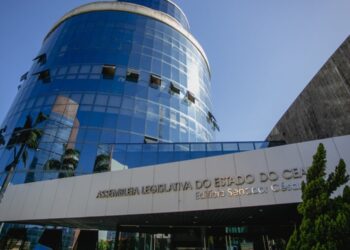 Lei que disponibiliza a Bíblia e outros livros sagrados nas escolas é aprovada no Ceará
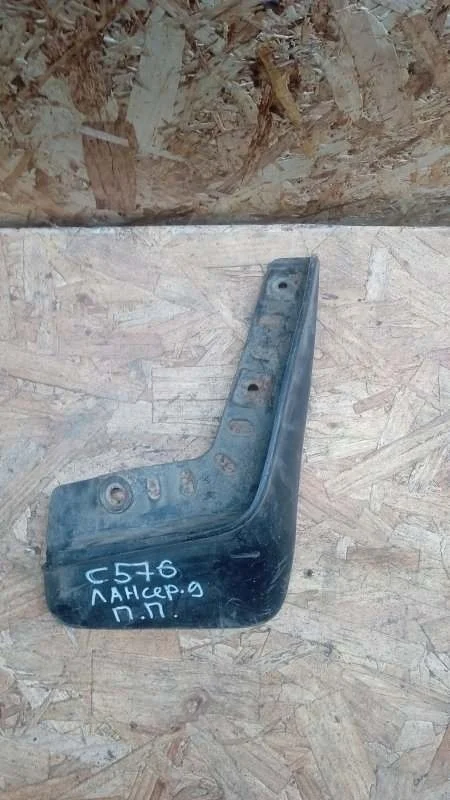 Брызговик Mitsubishi Lancer 9 2003-2008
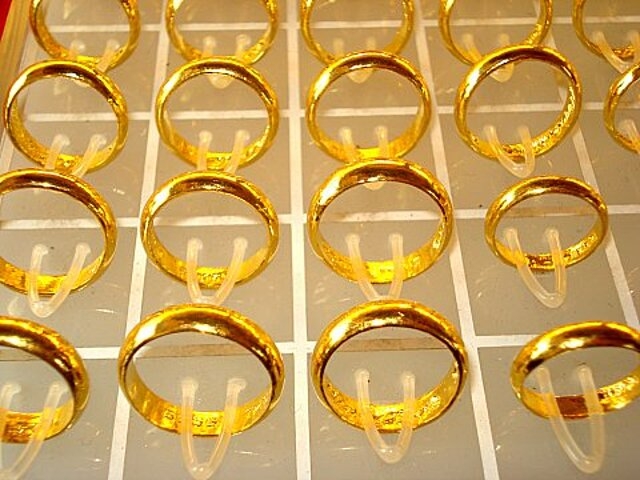 Giá vàng nhẫn nối tiếp đà giảm cùng thế giới.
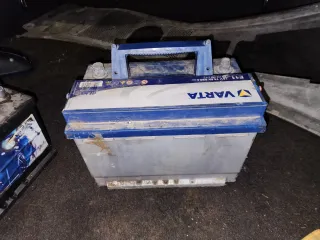 Batería Varta E11 12V 74Ah 580A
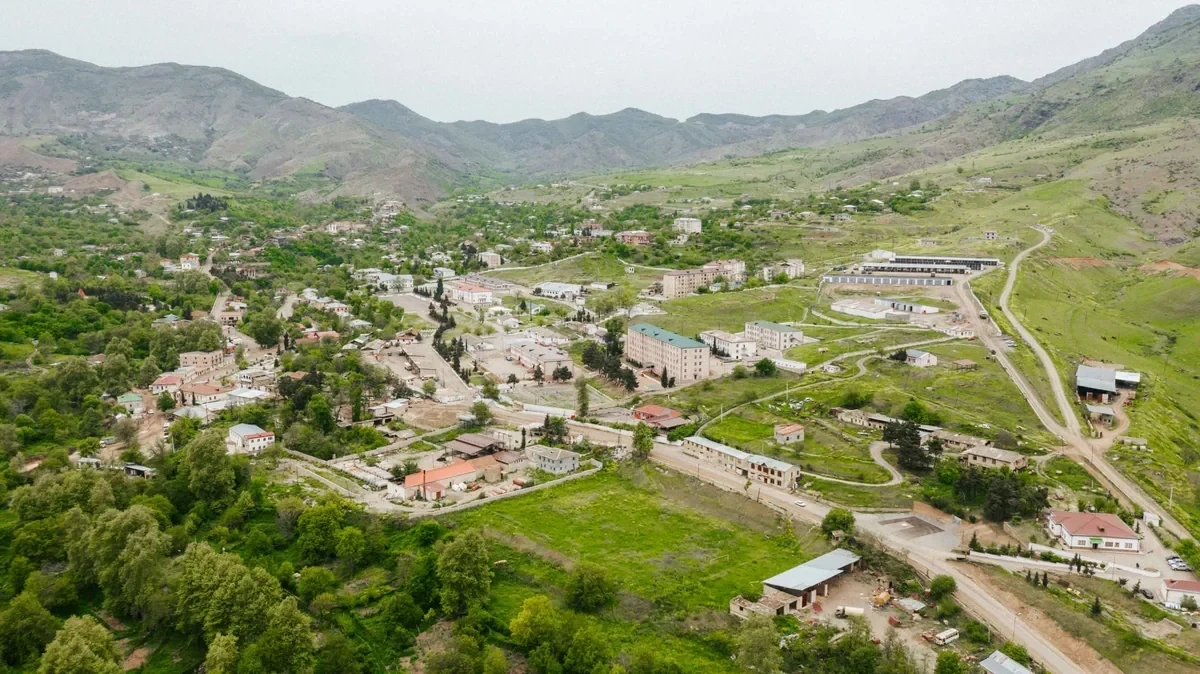 Növbəti köç karvanı Qırmızı Bazar qəsəbəsinə çatdı&nbsp;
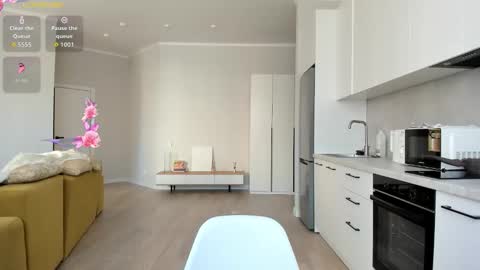 Mila online show from 09/20/25, 08:48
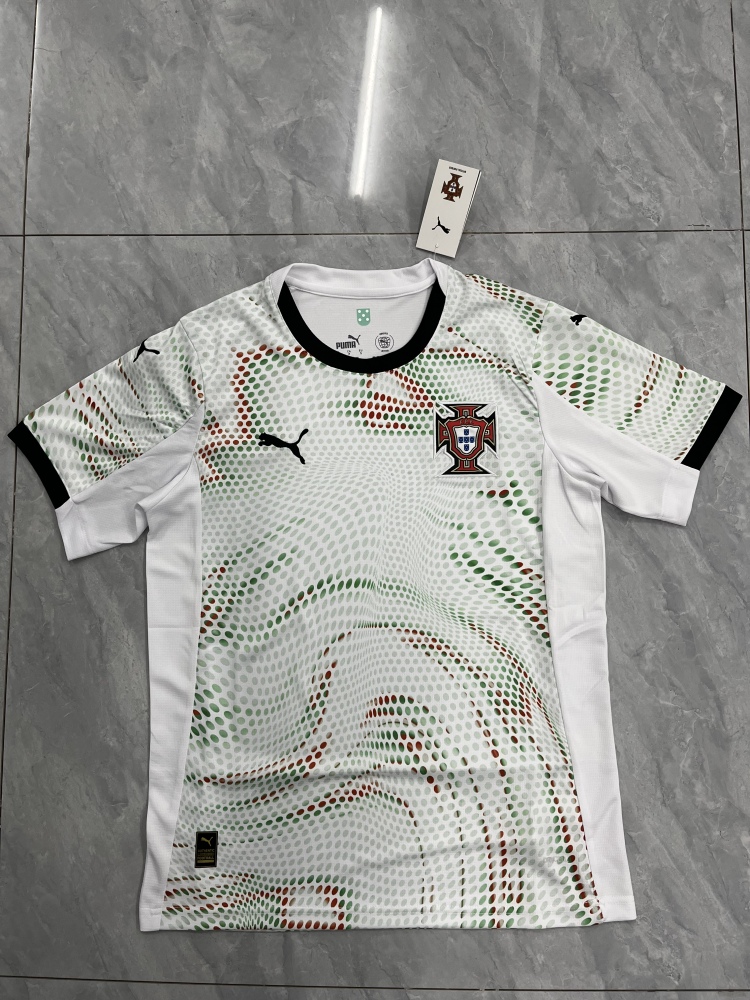 25/26 Portugal away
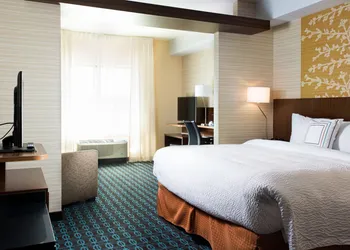 Fairfield Inn & Suites Rochester Mayo Clinic Area/St. Marys hotel thumbnail 5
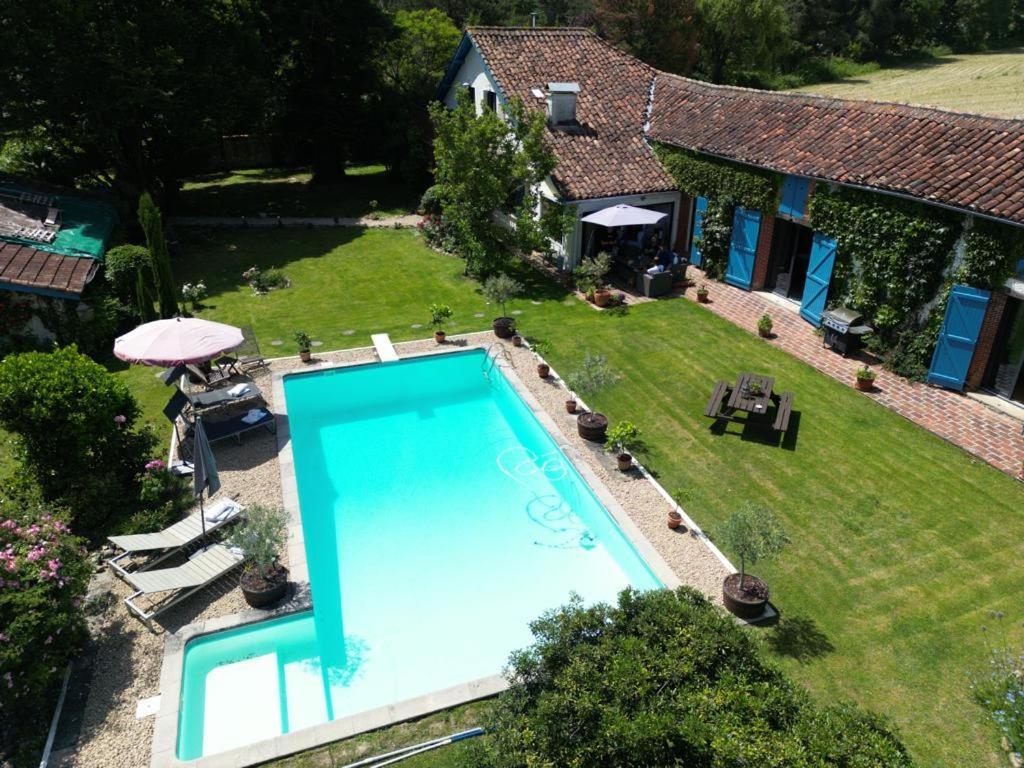 Domaine Du Tafiart Bed & Breakfast Sarron Exterior photo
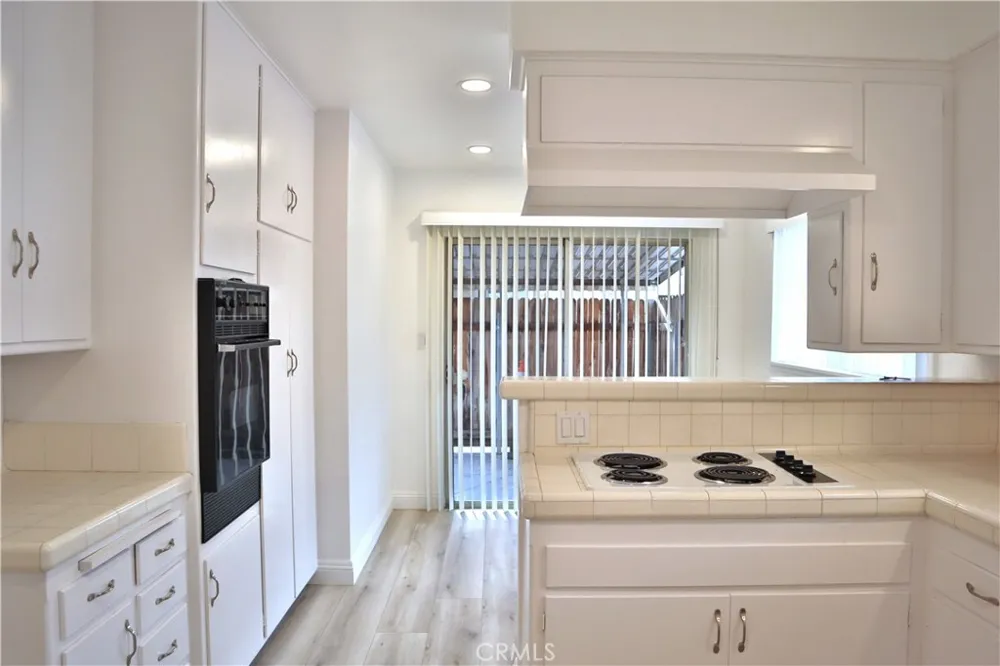 809 Fairview Avenue #7 Arcadia, CA 91007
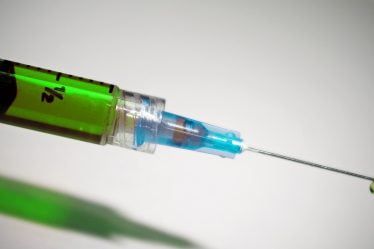 Les filles n'ont besoin que de deux vaccins contre le VPH - 16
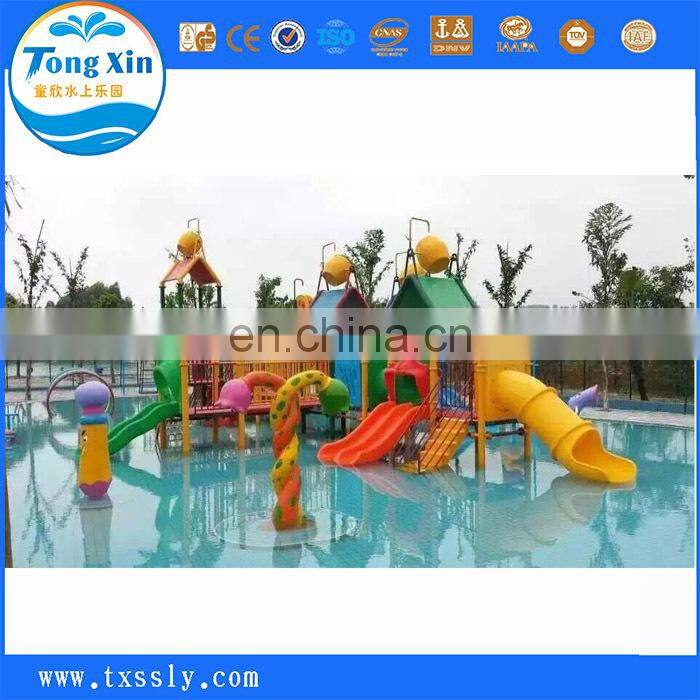 2019 Latest design Plastic water playground ,water house slide for kids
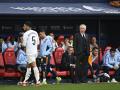 Carlo Ancelotti observa a Bellingham mientras este abandona El Sadar por la expulsión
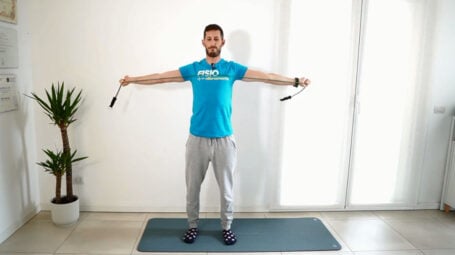 Spalle in avanti: 4 esercizi per correggere la postura – Video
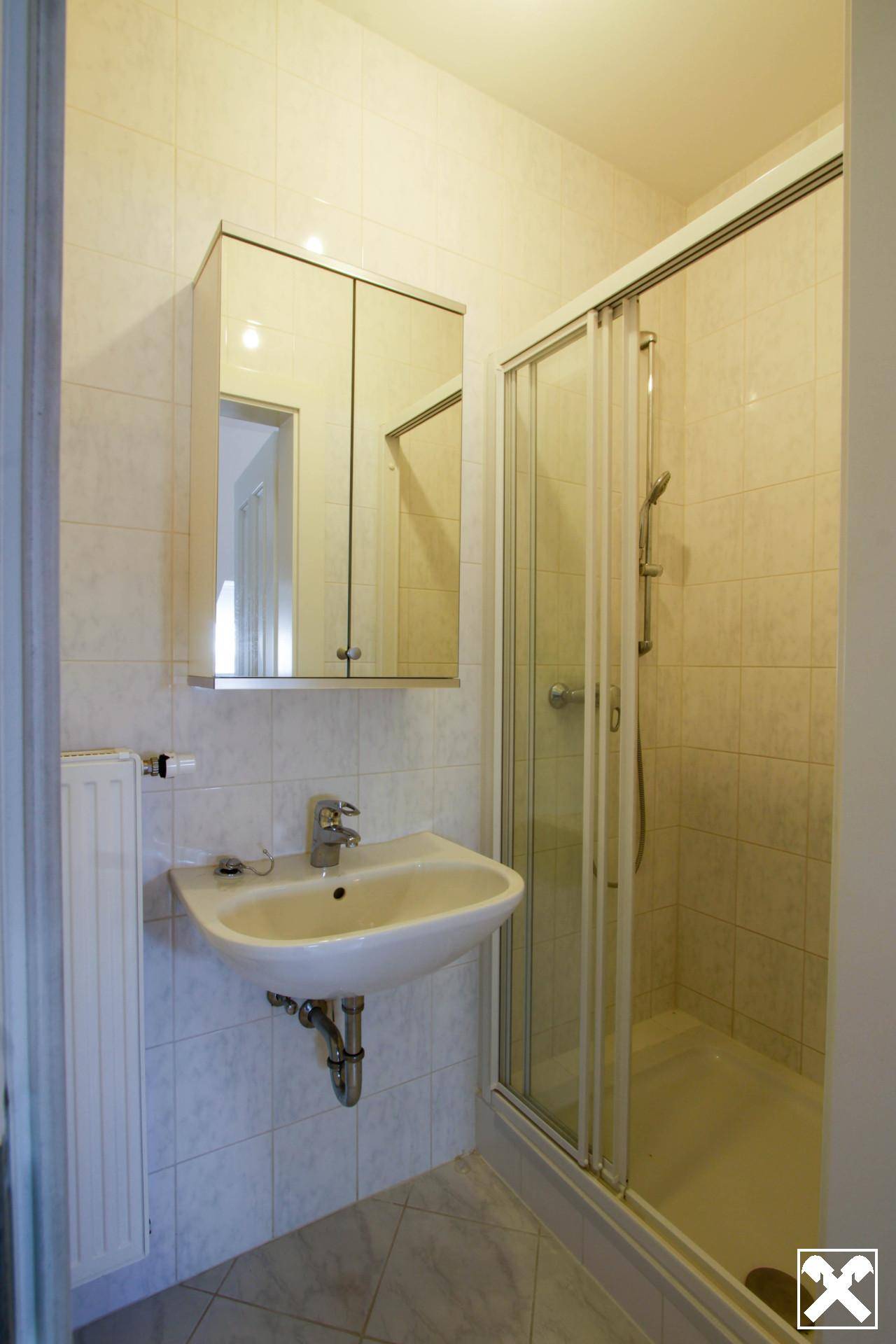 Bright Dachgeschosswohnung in elegant city villa with lift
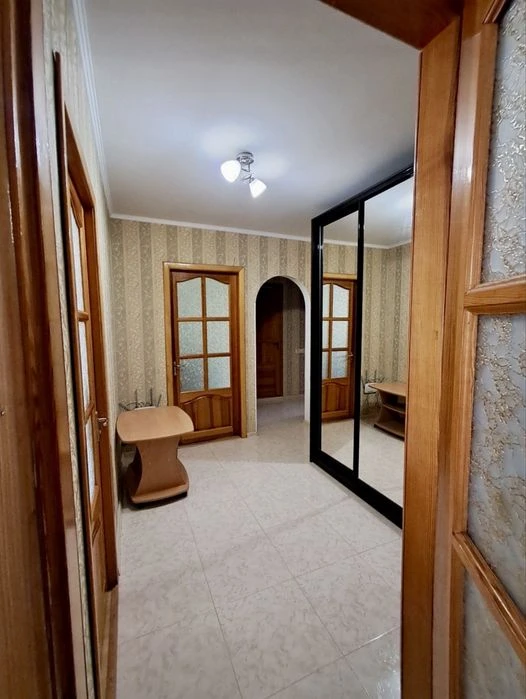 Продається гарна 3х кім квартира, р-н Центральна Митниця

ACTIVITY: "Fairfield Inn &" marks the first line to copy; copy that line and every line after it through the last line of the listing, exactly and without pictures.

YOUR RESPONSE:
 Fairfield Inn & Suites Rochester Mayo Clinic Area/St. Marys hotel thumbnail 5
 Domaine Du Tafiart Bed & Breakfast Sarron Exterior photo
 809 Fairview Avenue #7 Arcadia, CA 91007
 Les filles n'ont besoin que de deux vaccins contre le VPH - 16
 2019 Latest design Plastic water playground ,water house slide for kids
 Carlo Ancelotti observa a Bellingham mientras este abandona El Sadar por la expulsión
 Spalle in avanti: 4 esercizi per correggere la postura – Video
 Bright Dachgeschosswohnung in elegant city villa with lift
 Продається гарна 3х кім квартира, р-н Центральна Митниця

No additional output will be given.